→ What you should do: For the entries below, return the line holding "Jewelry Bolo /" together with all lines after it, unchanged, and leave every picture out.
"""
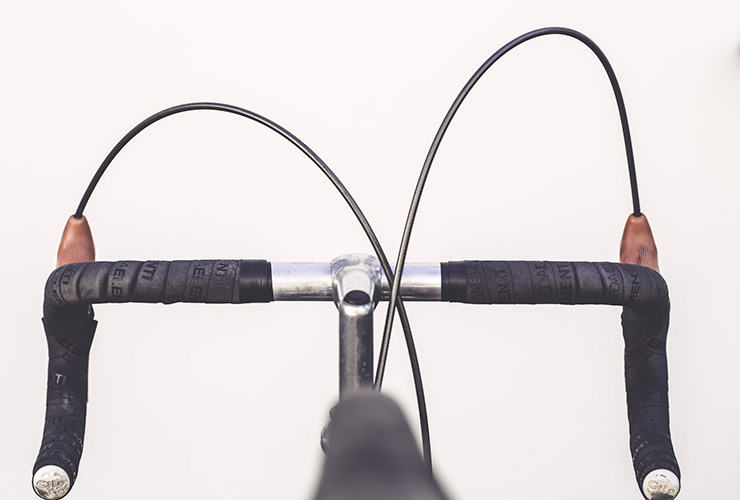 Cycling for Life: Q&A with Cancer Survivor and Charitable Activist Blake Bohlig by Bill Miles. Photograph of a bicycle handlebars by Markus Spiske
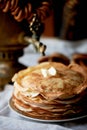 A stack of pancakes with a melting piece of butter. Russian tea party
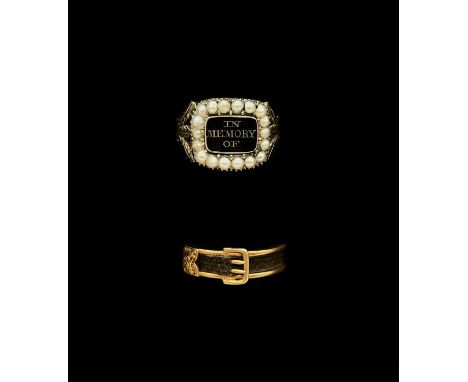 An early Victorian yellow metal and plaited hair mourning ring in the form of a belt buckle, inscribed 'In memory of my belov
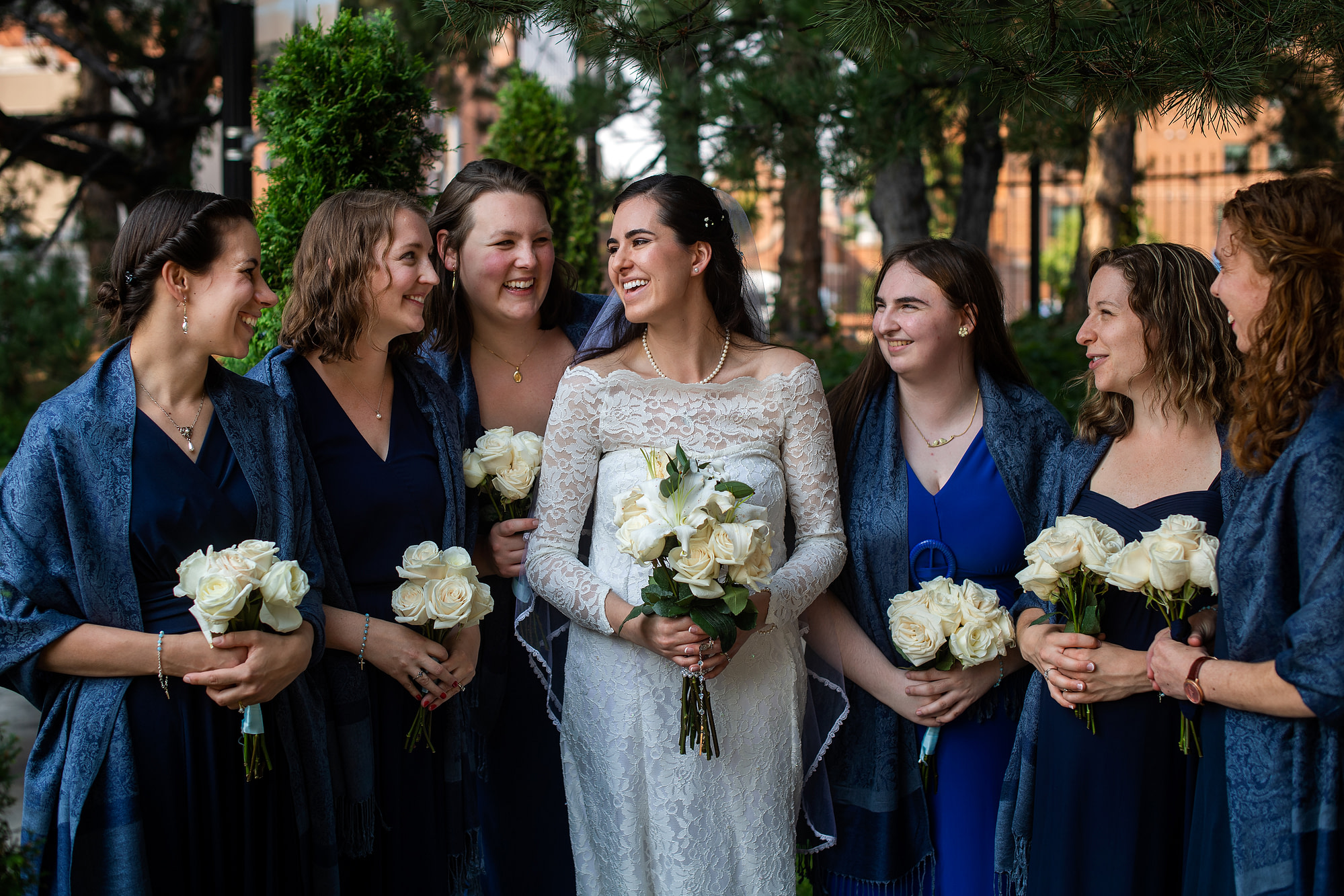 Aurora and bridesmaids talk after her wedding at the Cathedral Basilica of the Immaculate Conception in Denver, Colorado.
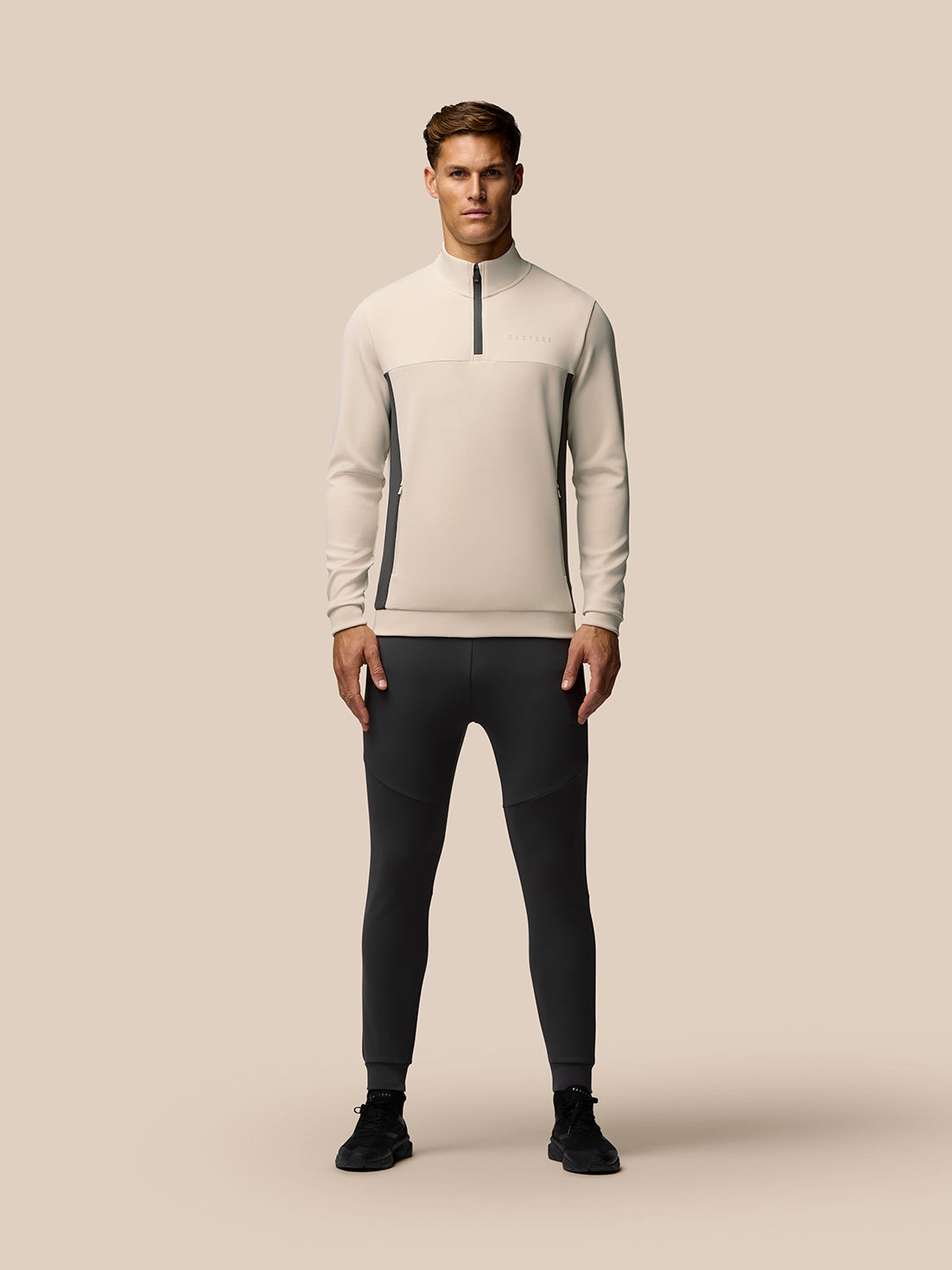 Male model wearing Beige Flex Lifestyle 1/4 Zip top with stand collar and zip pockets, paired with dark athletic pants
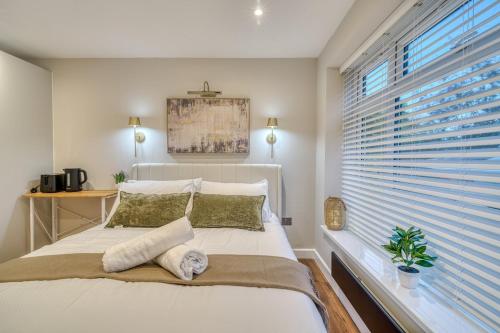 a bedroom with a bed and a window with blinds at Cozy Studio in Eccles - Salford, Manchester in Manchester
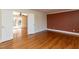 Bedroom featuring hardwood floors and neutral walls, with french doors leading to a sunroom and natural light at 501 Queensferry Rd, Cary, NC 27511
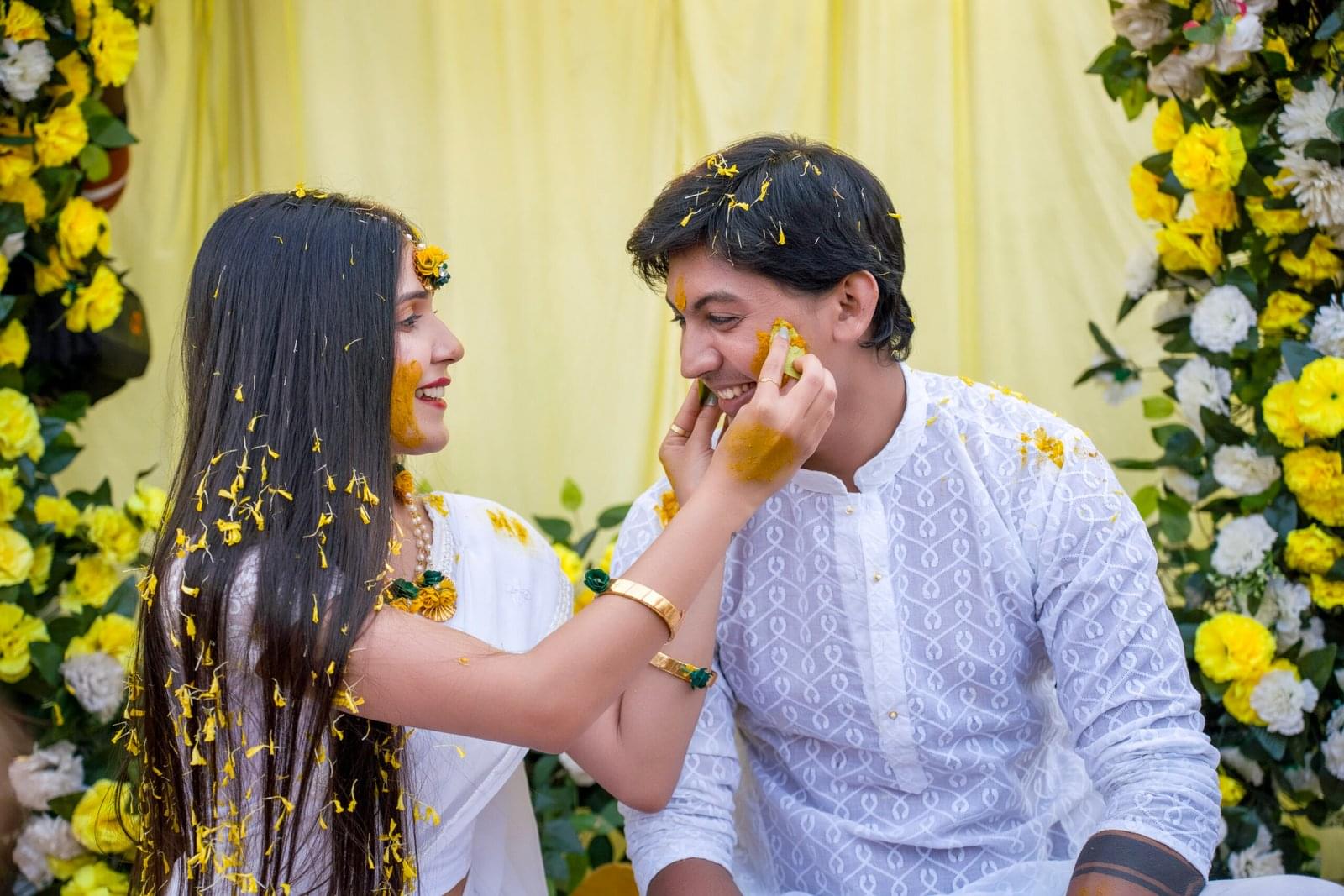 Two people in white apply turmeric paste, smiling amid yellow, white flowers in a festive setting.
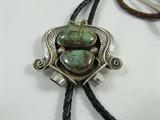 Jewelry Bolo / Bola Tie +Sterling Turquoise Slide
Wonderful bolo / bola tie, featuring a sterling silver slide with two smooth green stones, possibly turquoise, surrounded by leaf style embellishments. Black bolo / bola tie cord, silver tips. This lot also comes with a brown bolo / bola cord. Marked / signed "Bennet Pat. Pend." Consignor states this item is sterling silver.
Total weight: 1.10 ozt
ZB989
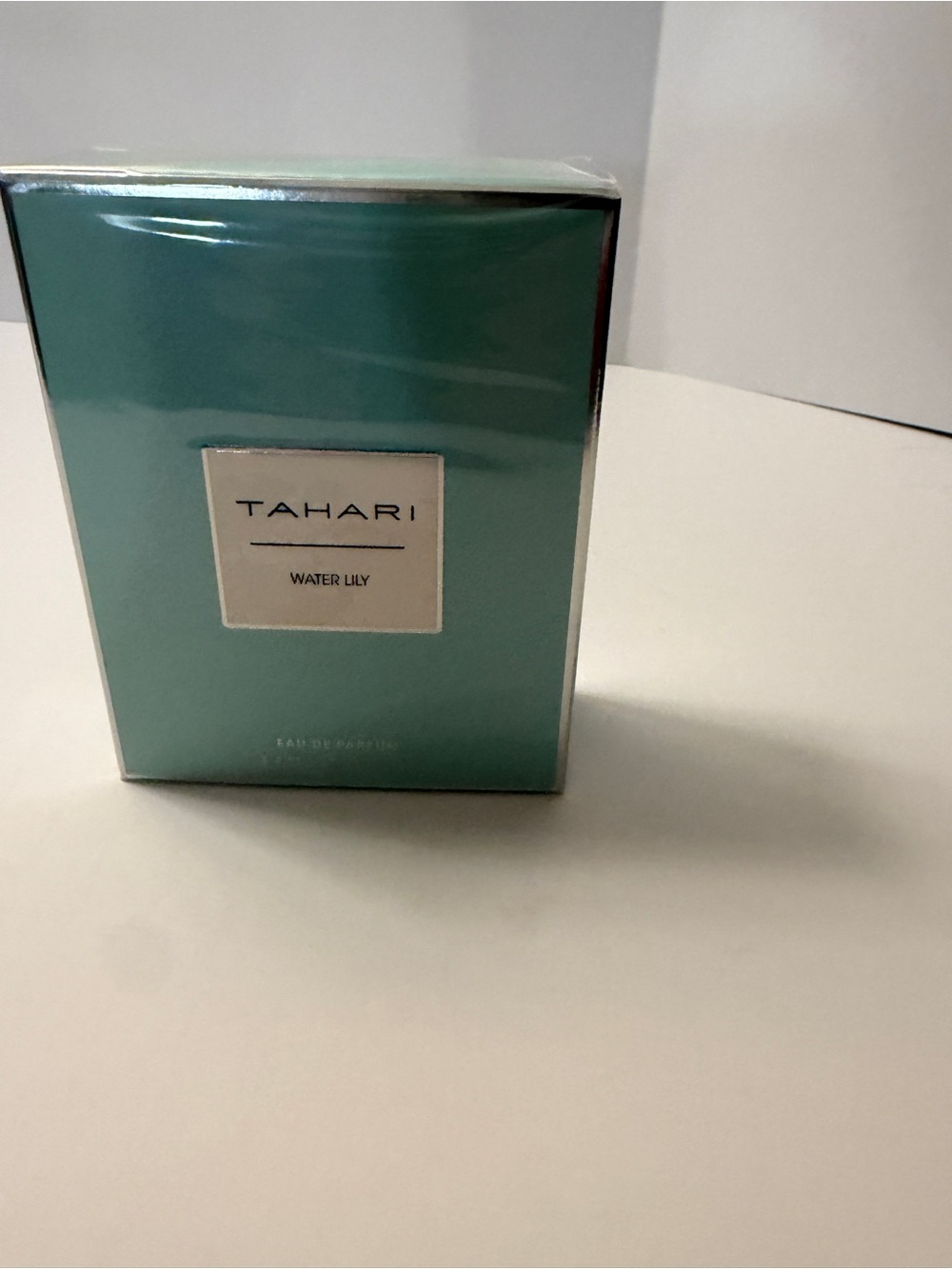 Tahari Water Lily Fragrance in Teal Packaging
"""
→ Response area:
 Jewelry Bolo / Bola Tie +Sterling Turquoise Slide
Wonderful bolo / bola tie, featuring a sterling silver slide with two smooth green stones, possibly turquoise, surrounded by leaf style embellishments. Black bolo / bola tie cord, silver tips. This lot also comes with a brown bolo / bola cord. Marked / signed "Bennet Pat. Pend." Consignor states this item is sterling silver.
Total weight: 1.10 ozt
ZB989
 Tahari Water Lily Fragrance in Teal Packaging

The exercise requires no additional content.